AVAILABLE DATA =
· · ·
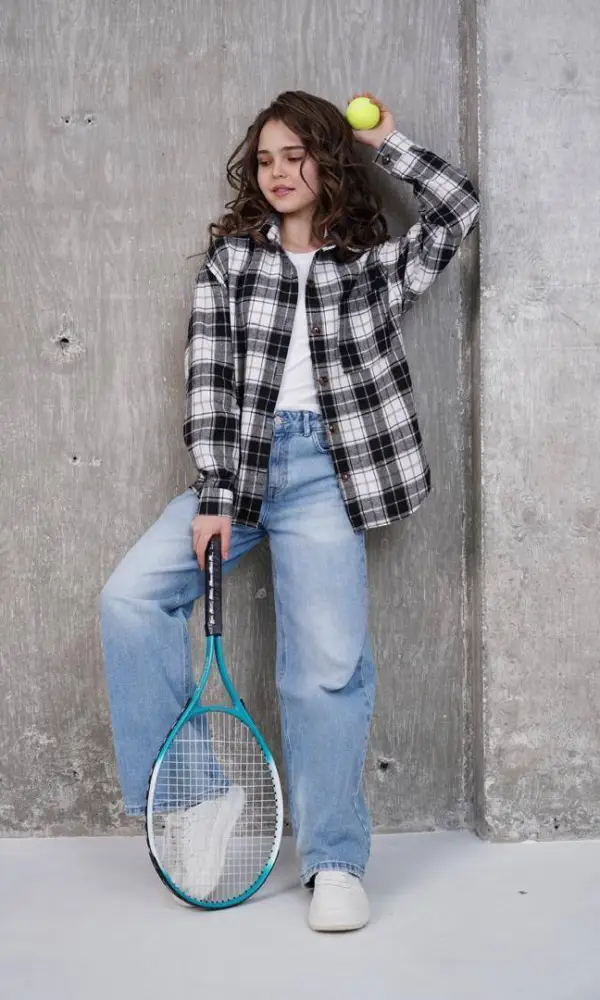 Рубашка двойка в клетку для девочки р-р 36-44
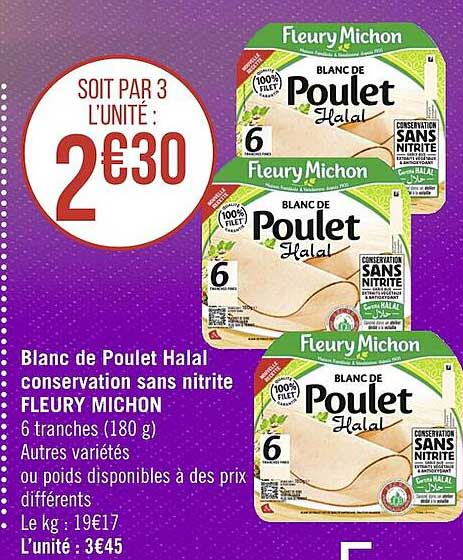blanc de poulet halal conservation sans nitrite fleury michon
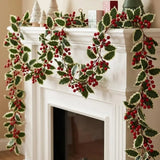 Christmas Garland Artificial Red Holly Berry Vine Xmas Tree Hanging Decoration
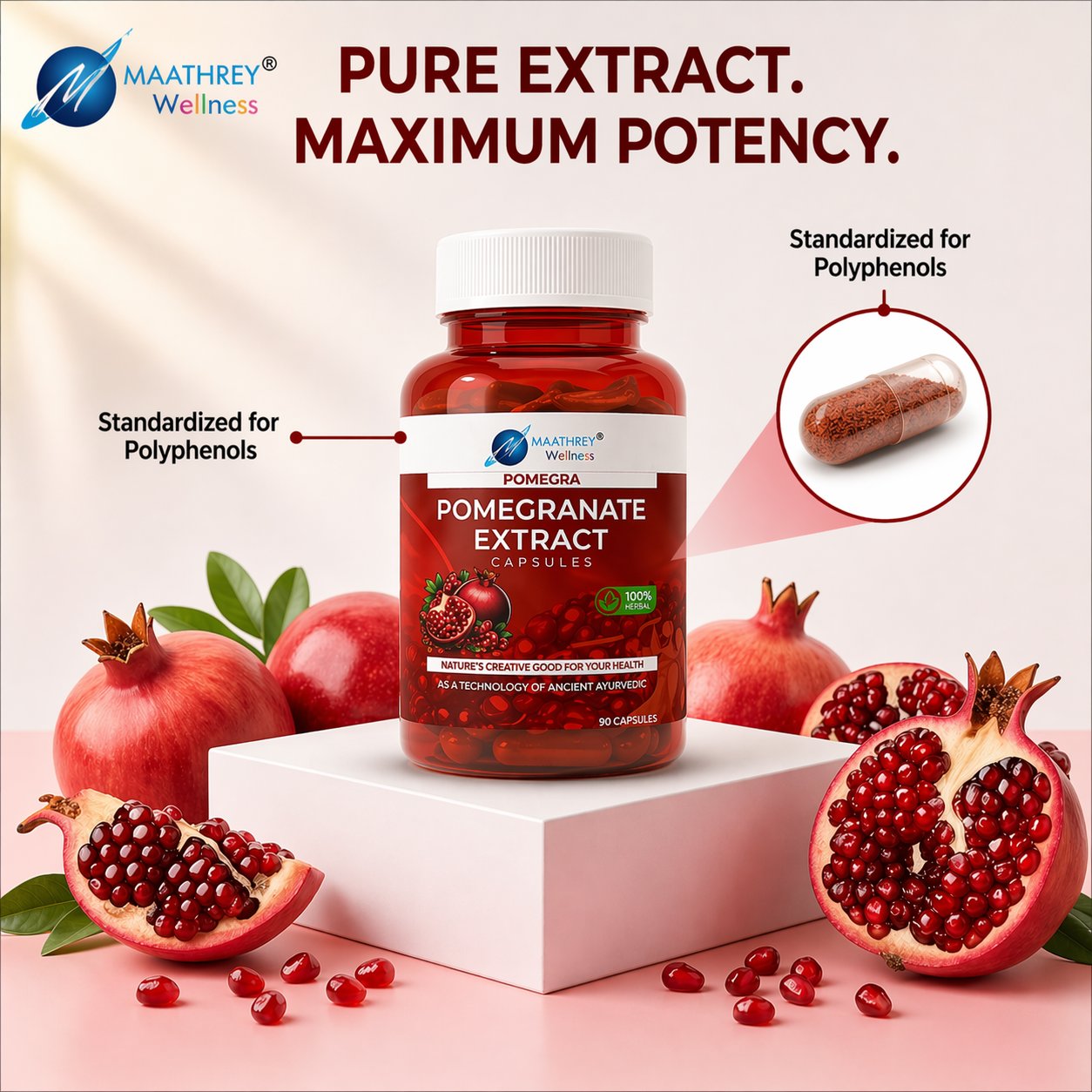 Pomegra Pomegranate Extract Capsules – For Blood Health & Energy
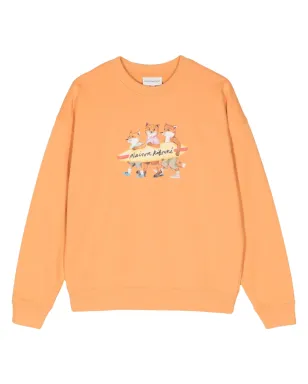 Maison Kitsuné Surfing Foxes コットン スウェットシャツ - オレンジ - サムネイル1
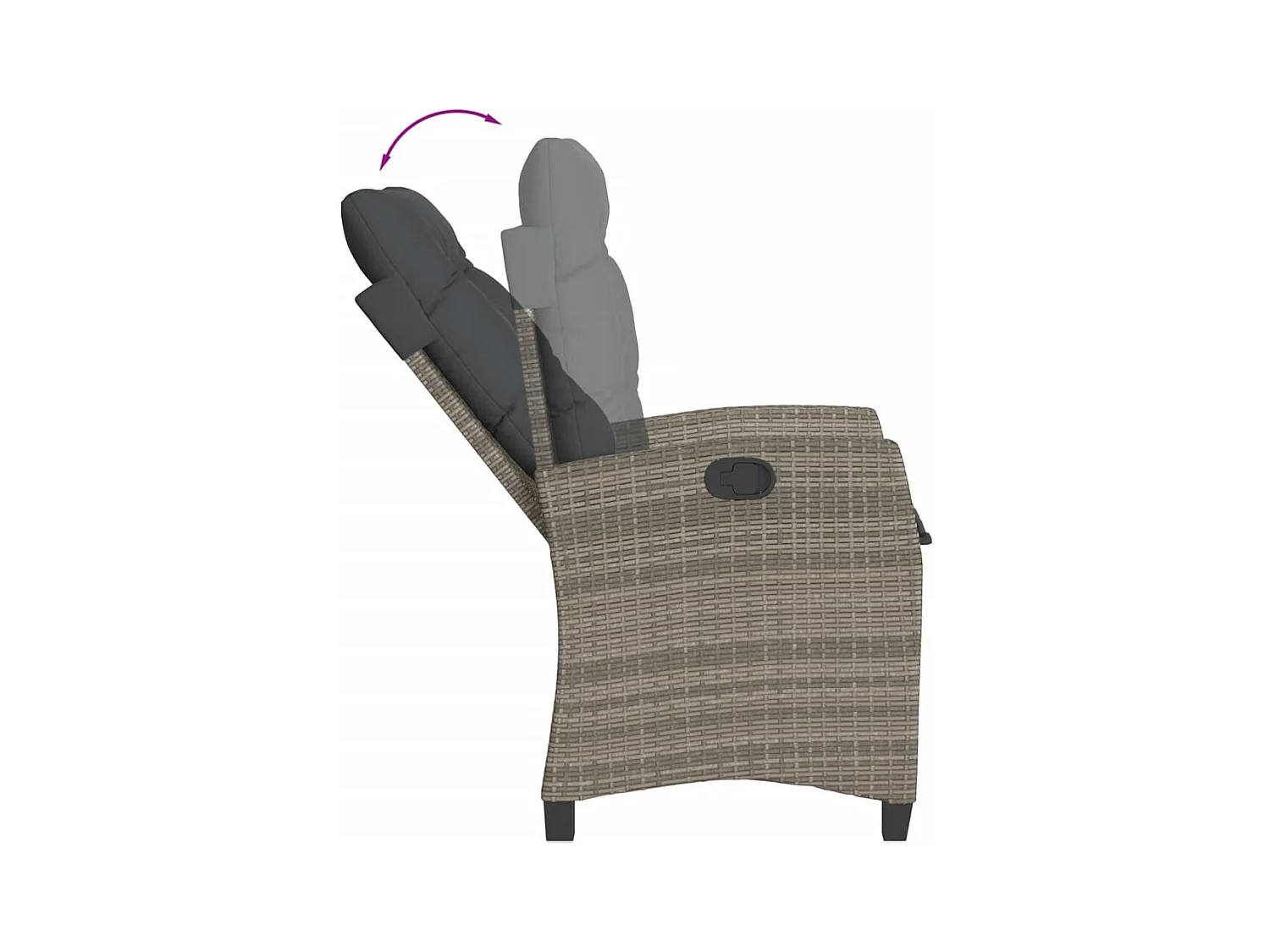 Magnir  Ensemble à manger de jardin et coussins 7 pcs gris rotin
· · ·
TASK INSTRUCTIONS = Write the lines out exactly, beginning at the line that holds "Pomegra Pomegranate Extract" and stopping after the last line of the entries; include no pictures.

WORKED SOLUTION =
 Pomegra Pomegranate Extract Capsules – For Blood Health & Energy
 Maison Kitsuné Surfing Foxes コットン スウェットシャツ - オレンジ - サムネイル1
 Magnir  Ensemble à manger de jardin et coussins 7 pcs gris rotin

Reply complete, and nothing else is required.